Whether I did or did not frighten her, I cannot say. This only I know—she turned away silently to the door, and went out.

I dropped on the sofa. That horrid hungering for revenge, which I felt for the first time when I knew how Helena had wronged me, began to degrade and tempt me again. In the effort to get away from this new evil self of mine, I tried to find sympathy in Selina, and called to her to come and sit by me. She seemed to be startled when I looked at her, but she recovered herself, and came to me, and took my hand.

“I wish I could comfort you!” she said, in her kind simple way.

“Keep my hand in your hand,” I told her; “I am drowning in dark water—and I have nothing to hold by but you.”

“Oh, my darling, don’t talk in that way!”

“Good Selina! dear Selina! You shall talk to me. Say something harmless—tell me a melancholy story—try to make me cry.”

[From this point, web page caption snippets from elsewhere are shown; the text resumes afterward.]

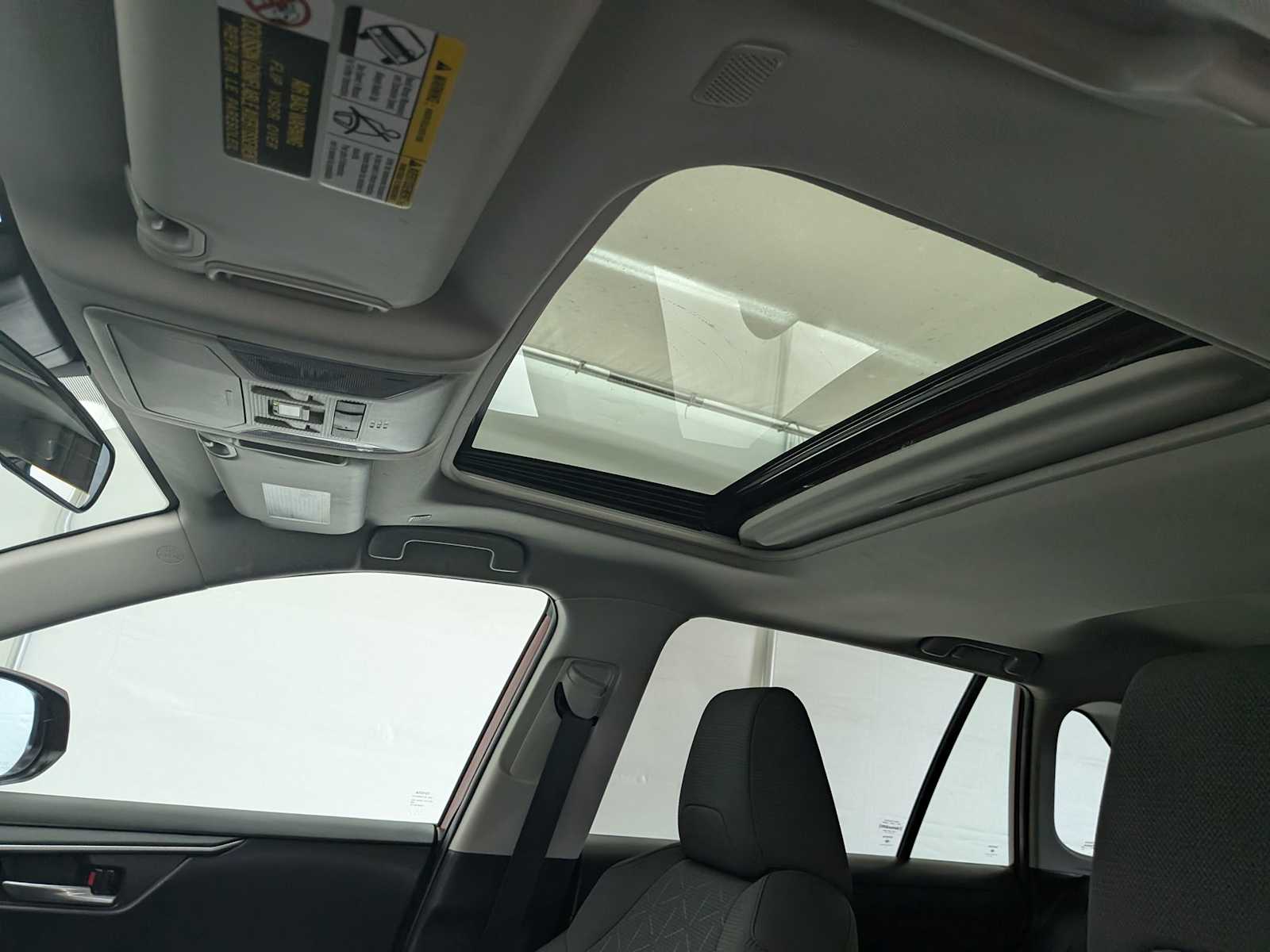 2024 Toyota RAV4 XLE photo 18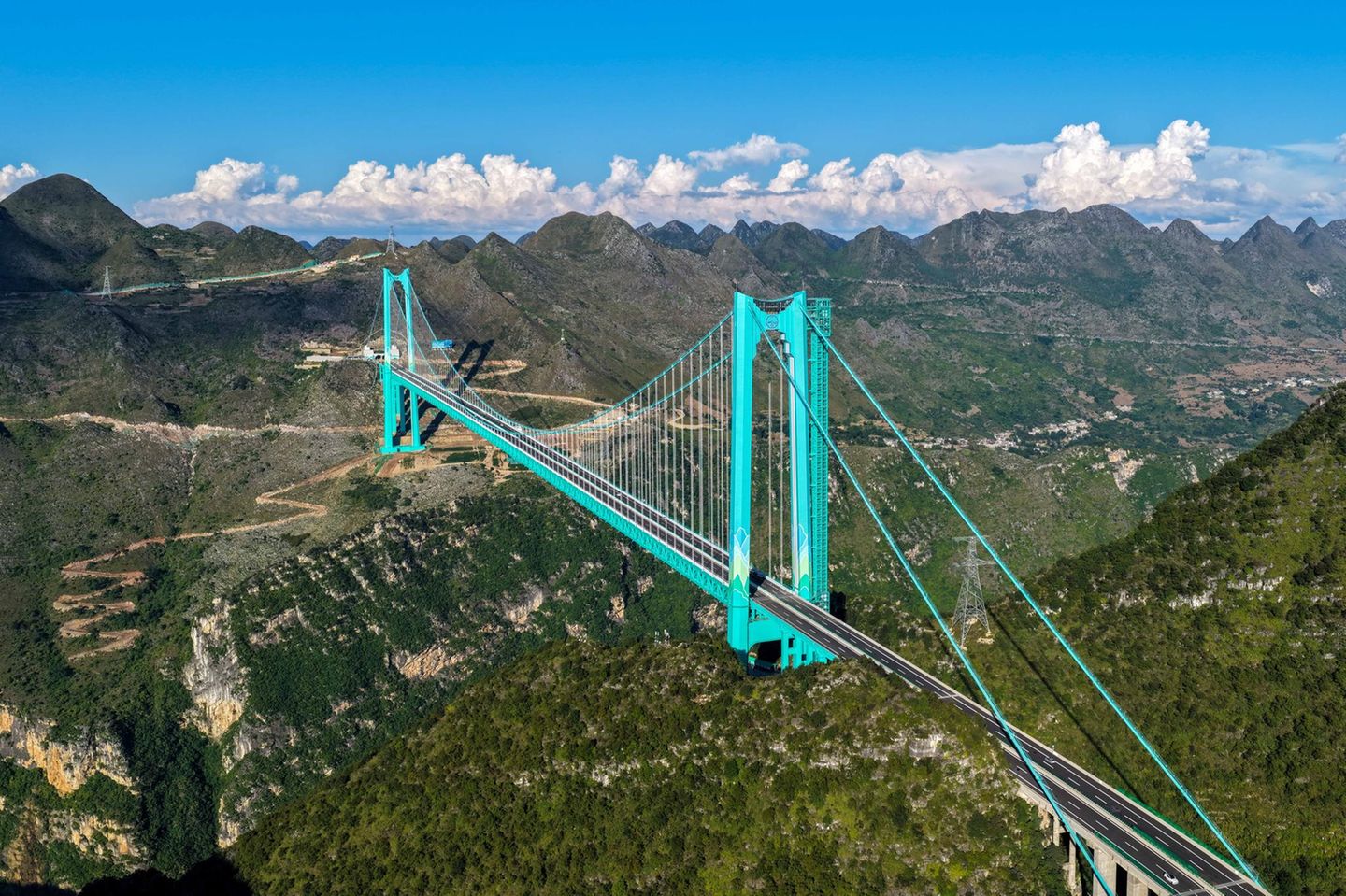 Huajiang-Grand-Canyon-Brücke, China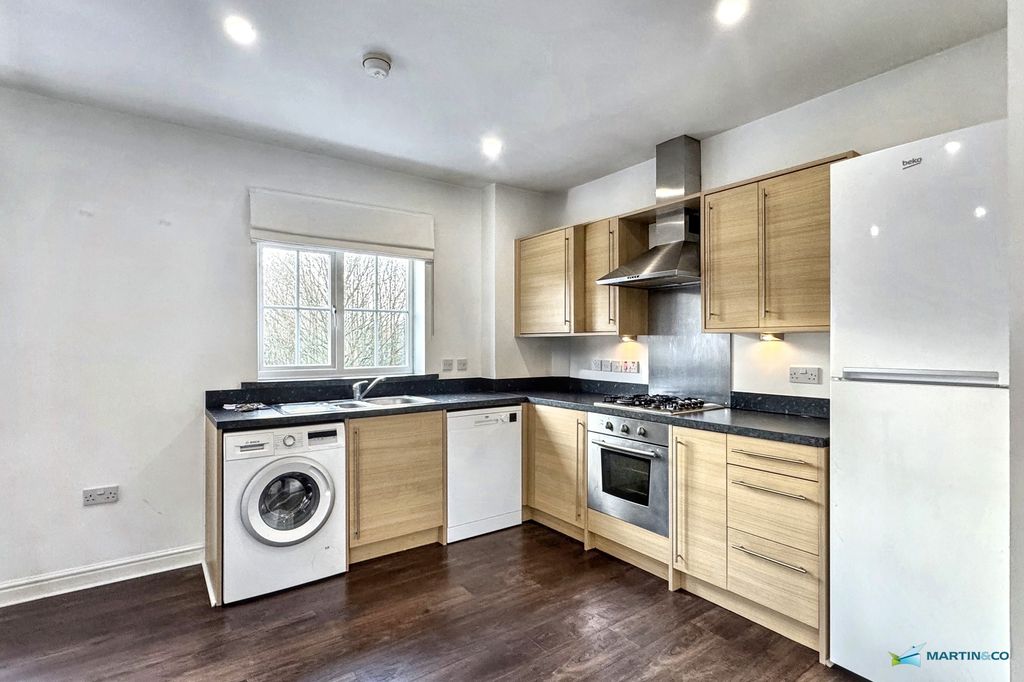 Property photo 3 of 9 Img_4647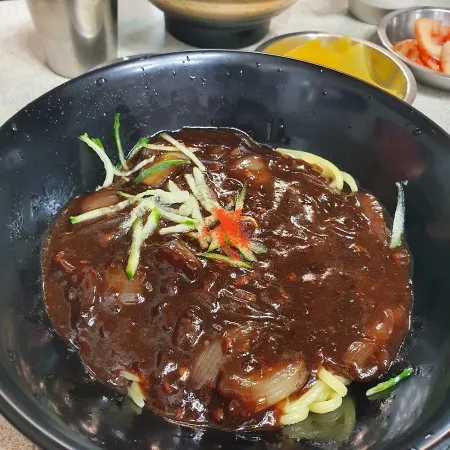 칼국수닭 물회냉면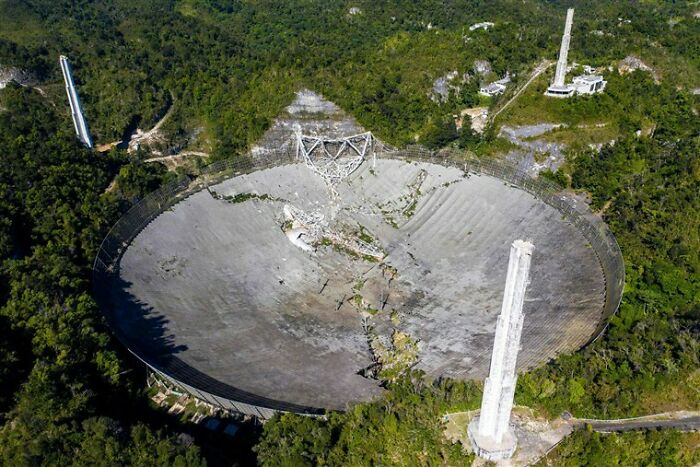 The Telescope At The Arecibo Observatory In Puerto Rico Has Collapsed, Presumably In A Much Less Awesome Fashion Than In Goldeneye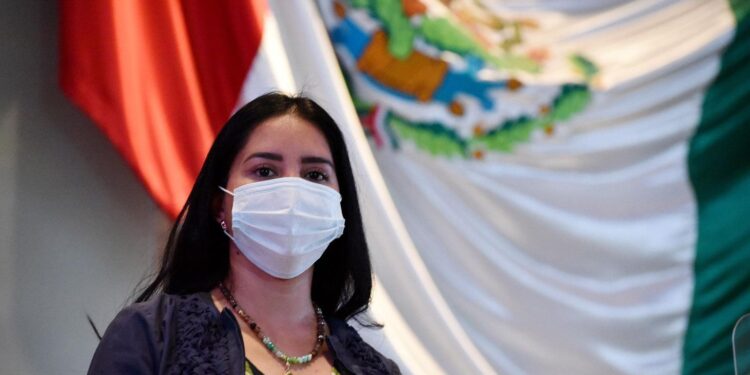 Obliga Congreso a Centros comerciales a garantizar estacionamientos gratuitos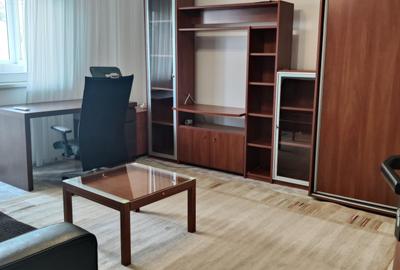 Apartament cu 2 camere decomandat în Nerva Traian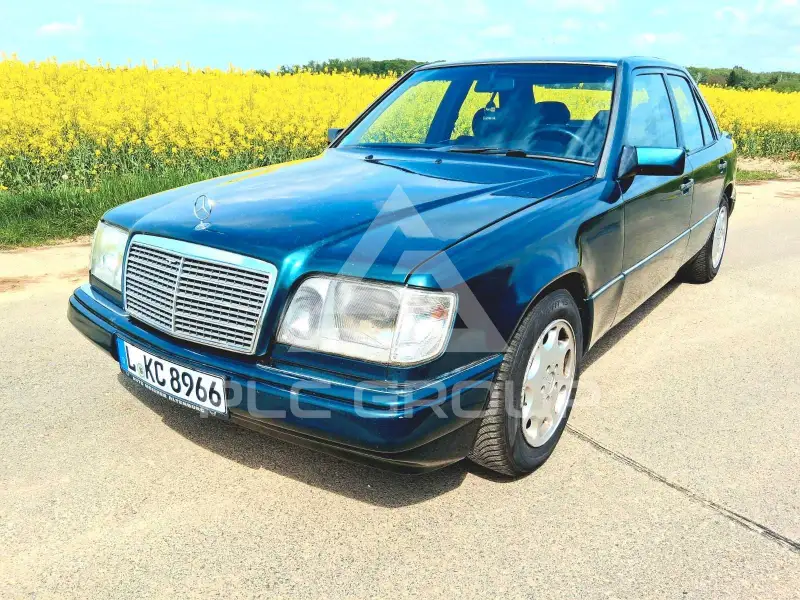 1995 Mercedes Benz 220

My poor little friend looked sadly bewildered.

“I’m more likely to cry myself,” she said. “This is so heart-breaking—I almost wish I was back in the time, before you came home, the time when your detestable sister first showed how she hated me. I was happy, meanly happy, in the spiteful enjoyment of provoking her. Oh, Euneece, I shall never recover my spirits again! All the pity in the world would not be pity enough for you. So hardly treated! so young! so forlorn! Your good father too ill to help you; your poor mother——”

I interrupted her; she had interested me in something better than my own wretched self. I asked directly if she had known my mother.

“My dear child, I never even saw her!”

“Has my father never spoken to you about her?”

“Only once, when I asked him how long she had been dead. He told me you lost her while you were an infant, and he told me no more. I was looking at her portrait in the study, only yesterday. I think it must be a bad portrait; your mother’s face disappoints me.”

I had arrived at the same conclusion years since. But I shrank from confessing it.

“At any rate,” Selina continued, “you are not like her. Nobody would ever guess that you were the child of that lady, with the long slanting forehead and the restless look in her eyes.”

What Selina had said of me and my mother’s portrait, other friends had said. There was nothing that I know of to interest me in hearing it repeated—and yet it set me pondering on the want of resemblance between my mother’s face and mine, and wondering (not for the first time) what sort of woman my mother was. When my father speaks of her, no words of praise that he can utter seem to be good enough for her. Oh, me, I wish I was a little more like my mother!

It began to get dark; Maria brought in the lamp. The sudden brightness of the flame struck my aching eyes, as if it had been a blow from a knife. I was obliged to hide my face in my handkerchief. Compassionate Selina entreated me to go to bed. “Rest your poor eyes, my child, and your weary head—and try at least to get some sleep.” She found me very docile; I kissed her, and said good-night. I had my own idea.

When all was quiet in the house, I stole out into the passage and listened at the door of my father’s room.

I heard his regular breathing, and opened the door and went in. The composing medicine, of which I was in search, was not on the table by his bedside. I found it in the cupboard—perhaps placed purposely out of his reach. They say that some physic is poison, if you take too much of it. The label on the bottle told me what the dose was. I dropped it into the medicine glass, and swallowed it, and went back to my father.

Very gently, so as not to wake him, I touched poor papa’s forehead with my lips. “I must have some of your medicine,” I whispered to him; “I want it, dear, as badly as you do.”

Then I returned to my own room—and lay down in bed, waiting to be composed.